Sighs Klitscher: "Nowhere are we saying that we need to arm ourselves to the teeth and have intercontinental missiles and whatever. All we're saying is that 0.86 percent as a proportion of GDP is far below what we can afford if we wanted to - and maybe we can afford a bit more."
==The Bruce & Jerry show==
Four years and two months after taking the helm of the troubled New Zealand Defence Force, Air Marshal Bruce Ferguson is stepping down, confident that he leaves the organisation in better shape than when he took over.
There can be little doubt of that. Back in 2002 the NZDF was rent by inter-service tribalism, public squabbling over scarce resources and the embarrassing backwash of equipment failures in Bosnia and East Timor; today it presents a much more unified image, strengthened by administrative restructuring, a re-equipment programme and several funding boosts from the Labour government. Ferguson's successor, Major-General Jerry Mateparae, has something to build on when he takes over on May 1.
He'll even have an entire deployable army battalion to put in the field if he wants - something that could not always be guaranteed in the recent past. The acquisition of a new fleet of light armoured vehicles known as LAVs makes that possible, even if going to war in a LAV is not every soldier's idea of military glory.
Ferguson robustly rebuts the view of some critics (see main story) that the LAVs are not up to the job and sticks up for the Air Force as well, in the face of cracks likening the somewhat reduced RNZAF to an extinct flightless bird.
"Morale is high, retention is high, and there are more people than we can possibly handle trying to get into the Air Force," says Ferguson. "That to me does not signify a service which is dead, if I believed what I call the old farts out there who are trying to live in the last century."

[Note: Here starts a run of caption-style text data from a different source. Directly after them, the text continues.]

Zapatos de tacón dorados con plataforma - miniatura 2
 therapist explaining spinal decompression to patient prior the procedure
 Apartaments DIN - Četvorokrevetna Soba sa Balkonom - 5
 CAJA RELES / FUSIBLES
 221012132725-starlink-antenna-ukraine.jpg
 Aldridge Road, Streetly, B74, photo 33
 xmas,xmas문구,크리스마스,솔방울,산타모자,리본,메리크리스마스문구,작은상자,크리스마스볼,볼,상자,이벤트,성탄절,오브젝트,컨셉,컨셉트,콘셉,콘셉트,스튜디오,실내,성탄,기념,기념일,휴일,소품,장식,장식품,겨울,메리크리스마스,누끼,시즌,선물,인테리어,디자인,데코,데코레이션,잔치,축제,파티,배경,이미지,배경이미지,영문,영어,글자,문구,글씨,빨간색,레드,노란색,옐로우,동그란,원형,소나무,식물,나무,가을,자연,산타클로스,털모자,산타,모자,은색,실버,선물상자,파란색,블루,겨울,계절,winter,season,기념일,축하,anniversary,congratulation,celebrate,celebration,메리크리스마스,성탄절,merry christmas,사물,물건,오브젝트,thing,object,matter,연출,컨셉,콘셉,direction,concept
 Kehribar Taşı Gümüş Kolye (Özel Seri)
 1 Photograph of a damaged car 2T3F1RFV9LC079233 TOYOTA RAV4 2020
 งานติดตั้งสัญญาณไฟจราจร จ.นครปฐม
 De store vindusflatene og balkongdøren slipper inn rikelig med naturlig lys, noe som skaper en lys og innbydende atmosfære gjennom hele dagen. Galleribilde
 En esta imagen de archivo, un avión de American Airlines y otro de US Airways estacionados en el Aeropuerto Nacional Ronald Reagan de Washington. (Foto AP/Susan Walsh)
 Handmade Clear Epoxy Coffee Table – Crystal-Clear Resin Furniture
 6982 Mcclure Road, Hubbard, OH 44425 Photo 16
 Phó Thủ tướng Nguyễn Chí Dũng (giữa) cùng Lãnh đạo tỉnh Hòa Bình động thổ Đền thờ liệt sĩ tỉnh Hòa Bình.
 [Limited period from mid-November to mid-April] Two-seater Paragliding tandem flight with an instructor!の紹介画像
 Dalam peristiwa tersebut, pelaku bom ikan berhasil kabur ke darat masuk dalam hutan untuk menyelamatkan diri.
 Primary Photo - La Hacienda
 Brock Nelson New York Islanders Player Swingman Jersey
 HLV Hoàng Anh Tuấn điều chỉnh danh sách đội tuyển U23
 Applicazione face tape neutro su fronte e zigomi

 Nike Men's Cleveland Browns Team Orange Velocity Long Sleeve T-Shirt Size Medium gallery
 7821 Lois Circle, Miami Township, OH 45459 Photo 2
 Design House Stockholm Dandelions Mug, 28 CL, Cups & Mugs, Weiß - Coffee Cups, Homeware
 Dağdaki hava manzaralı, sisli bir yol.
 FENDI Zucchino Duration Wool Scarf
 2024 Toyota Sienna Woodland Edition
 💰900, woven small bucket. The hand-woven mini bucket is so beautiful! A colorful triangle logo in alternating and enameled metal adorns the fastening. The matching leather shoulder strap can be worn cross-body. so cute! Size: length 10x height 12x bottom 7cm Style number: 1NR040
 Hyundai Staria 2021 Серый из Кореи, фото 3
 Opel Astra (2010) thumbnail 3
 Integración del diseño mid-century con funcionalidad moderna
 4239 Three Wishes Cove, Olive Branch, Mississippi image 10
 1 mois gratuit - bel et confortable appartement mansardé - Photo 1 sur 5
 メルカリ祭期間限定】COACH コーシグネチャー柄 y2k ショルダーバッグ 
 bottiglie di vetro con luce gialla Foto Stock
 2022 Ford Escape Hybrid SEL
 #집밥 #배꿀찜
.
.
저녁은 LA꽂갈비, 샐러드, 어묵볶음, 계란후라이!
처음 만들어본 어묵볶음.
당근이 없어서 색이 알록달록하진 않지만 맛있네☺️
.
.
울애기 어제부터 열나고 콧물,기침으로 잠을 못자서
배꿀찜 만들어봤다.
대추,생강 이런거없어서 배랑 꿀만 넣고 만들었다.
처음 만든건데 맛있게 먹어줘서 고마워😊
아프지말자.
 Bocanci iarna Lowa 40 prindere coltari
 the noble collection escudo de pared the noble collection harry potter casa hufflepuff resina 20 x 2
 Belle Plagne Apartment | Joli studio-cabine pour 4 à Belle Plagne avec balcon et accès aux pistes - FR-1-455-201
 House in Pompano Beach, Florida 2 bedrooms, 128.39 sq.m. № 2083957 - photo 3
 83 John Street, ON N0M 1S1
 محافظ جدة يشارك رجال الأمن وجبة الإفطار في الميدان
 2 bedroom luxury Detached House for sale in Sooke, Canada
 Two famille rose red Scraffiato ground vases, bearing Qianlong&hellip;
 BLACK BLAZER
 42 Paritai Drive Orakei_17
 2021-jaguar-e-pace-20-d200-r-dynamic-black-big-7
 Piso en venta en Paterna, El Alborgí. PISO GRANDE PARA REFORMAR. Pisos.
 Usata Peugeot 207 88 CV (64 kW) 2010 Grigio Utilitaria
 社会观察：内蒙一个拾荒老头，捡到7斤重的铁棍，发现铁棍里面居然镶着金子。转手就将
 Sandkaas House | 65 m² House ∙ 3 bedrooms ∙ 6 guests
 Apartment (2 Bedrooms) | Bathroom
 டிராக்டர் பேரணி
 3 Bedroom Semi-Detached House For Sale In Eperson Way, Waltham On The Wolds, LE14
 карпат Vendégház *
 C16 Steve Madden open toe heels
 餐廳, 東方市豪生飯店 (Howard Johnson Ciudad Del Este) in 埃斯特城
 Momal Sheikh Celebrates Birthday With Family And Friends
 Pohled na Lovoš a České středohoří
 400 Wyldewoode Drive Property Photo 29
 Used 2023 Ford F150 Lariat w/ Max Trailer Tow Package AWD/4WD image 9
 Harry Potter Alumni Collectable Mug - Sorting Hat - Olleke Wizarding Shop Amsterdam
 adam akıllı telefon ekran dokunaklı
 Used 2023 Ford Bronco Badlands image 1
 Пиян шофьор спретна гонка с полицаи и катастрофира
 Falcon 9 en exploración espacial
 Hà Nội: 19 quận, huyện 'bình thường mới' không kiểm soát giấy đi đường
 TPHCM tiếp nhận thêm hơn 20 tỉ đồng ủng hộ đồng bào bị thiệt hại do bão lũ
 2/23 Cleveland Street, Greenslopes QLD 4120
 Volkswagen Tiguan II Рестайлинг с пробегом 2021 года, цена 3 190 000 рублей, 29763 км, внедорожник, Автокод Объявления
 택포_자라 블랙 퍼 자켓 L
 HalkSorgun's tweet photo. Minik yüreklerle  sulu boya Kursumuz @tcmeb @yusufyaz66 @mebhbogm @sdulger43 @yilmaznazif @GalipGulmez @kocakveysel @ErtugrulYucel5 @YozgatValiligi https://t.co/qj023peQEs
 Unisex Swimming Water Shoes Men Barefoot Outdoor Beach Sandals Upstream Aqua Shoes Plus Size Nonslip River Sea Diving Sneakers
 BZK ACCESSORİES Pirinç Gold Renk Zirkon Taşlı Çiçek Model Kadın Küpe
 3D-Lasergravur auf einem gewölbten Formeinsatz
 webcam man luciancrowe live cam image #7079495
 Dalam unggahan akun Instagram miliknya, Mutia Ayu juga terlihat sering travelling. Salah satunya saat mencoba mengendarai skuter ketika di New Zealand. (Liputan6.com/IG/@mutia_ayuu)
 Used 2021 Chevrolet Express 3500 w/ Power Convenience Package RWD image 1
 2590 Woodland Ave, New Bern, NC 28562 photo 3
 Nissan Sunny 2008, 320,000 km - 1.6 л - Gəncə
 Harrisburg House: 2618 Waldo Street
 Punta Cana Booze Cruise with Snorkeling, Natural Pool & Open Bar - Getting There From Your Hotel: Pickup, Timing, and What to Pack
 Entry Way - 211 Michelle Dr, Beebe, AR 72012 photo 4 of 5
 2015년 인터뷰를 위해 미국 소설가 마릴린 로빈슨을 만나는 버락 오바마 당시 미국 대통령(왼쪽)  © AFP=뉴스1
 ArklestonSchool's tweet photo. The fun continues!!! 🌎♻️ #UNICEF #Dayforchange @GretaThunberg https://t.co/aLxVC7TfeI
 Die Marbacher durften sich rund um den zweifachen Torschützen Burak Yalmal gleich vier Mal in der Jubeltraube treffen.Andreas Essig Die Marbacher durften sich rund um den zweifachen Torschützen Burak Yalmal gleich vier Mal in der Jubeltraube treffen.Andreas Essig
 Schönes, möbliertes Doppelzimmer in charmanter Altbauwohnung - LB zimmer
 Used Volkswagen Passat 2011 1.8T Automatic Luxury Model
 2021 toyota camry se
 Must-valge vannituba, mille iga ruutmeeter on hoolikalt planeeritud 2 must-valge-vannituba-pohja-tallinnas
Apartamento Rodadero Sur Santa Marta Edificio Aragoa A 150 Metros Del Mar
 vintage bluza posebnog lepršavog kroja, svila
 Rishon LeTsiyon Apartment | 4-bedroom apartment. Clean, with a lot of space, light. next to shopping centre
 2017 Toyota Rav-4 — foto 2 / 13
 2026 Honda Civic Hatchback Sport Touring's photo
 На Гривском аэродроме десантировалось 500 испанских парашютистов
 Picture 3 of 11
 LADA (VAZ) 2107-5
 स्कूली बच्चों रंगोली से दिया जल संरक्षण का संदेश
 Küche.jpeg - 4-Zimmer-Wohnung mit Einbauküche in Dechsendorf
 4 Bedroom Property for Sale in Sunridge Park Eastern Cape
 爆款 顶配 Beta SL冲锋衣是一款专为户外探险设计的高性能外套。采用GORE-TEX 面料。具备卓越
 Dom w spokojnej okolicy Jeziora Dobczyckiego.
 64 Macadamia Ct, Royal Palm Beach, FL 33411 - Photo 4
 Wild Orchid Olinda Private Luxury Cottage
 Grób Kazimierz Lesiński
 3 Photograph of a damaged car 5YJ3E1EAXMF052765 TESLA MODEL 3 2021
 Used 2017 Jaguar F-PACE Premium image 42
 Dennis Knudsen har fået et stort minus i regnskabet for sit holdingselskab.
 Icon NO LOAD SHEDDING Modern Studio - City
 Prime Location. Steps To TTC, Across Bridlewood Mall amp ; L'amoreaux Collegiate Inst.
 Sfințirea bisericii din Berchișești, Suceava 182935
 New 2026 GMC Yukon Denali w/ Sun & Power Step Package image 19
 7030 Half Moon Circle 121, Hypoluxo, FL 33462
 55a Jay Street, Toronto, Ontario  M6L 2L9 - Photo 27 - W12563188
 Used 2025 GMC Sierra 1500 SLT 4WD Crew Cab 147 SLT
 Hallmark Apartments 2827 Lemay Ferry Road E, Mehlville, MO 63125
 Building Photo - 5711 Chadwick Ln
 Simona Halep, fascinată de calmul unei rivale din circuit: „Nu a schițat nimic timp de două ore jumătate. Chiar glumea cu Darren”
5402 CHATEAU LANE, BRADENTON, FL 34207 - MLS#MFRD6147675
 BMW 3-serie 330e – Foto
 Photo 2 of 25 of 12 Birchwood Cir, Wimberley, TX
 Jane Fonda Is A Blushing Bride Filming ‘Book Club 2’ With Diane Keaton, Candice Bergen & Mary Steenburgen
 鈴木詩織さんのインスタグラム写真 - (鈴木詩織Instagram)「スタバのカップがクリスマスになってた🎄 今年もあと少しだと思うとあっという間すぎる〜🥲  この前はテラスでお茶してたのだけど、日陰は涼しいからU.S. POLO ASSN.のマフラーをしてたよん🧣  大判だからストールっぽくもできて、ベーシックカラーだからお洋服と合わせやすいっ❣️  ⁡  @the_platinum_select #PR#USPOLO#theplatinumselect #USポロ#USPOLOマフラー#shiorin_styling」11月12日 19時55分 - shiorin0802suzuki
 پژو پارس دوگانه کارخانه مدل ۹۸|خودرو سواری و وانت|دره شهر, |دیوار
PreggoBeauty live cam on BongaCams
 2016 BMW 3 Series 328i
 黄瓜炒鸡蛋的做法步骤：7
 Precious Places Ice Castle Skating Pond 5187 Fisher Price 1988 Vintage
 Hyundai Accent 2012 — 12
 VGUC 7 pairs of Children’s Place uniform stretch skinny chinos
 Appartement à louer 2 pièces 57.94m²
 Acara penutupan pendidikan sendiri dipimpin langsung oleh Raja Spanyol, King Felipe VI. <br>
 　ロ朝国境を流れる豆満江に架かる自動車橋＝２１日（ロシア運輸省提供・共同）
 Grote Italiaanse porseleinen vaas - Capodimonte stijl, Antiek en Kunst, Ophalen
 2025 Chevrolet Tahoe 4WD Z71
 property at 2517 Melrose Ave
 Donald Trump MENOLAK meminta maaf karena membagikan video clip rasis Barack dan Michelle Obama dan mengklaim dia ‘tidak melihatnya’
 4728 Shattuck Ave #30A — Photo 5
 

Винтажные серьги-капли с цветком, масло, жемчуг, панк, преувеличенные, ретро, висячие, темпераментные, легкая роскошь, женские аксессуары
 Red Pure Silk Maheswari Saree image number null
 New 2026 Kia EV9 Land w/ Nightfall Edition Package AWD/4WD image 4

Not being able to exercise with the US has been a constraint on New Zealand's defence forces, he admits, but it hasn't put lives at stake overseas, "because when we need the training for operational reasons, the Americans have given it to us".
No, the American military do not provide us with their most up-to-date technology, but then, he claims, they don't provide anyone else with it either: "They intend to keep a complete generation ahead of everybody, even the British, their closest allies."
As for not pulling our weight with allies like Australia, Ferguson replies: "I have never once been criticised to my face by the Australians, the Canadians, the British or the Americans. In fact, the contrary is true. If you look at the record in the past three months, we've had four four-star American generals here. They don't come to countries that aren't pulling their weight."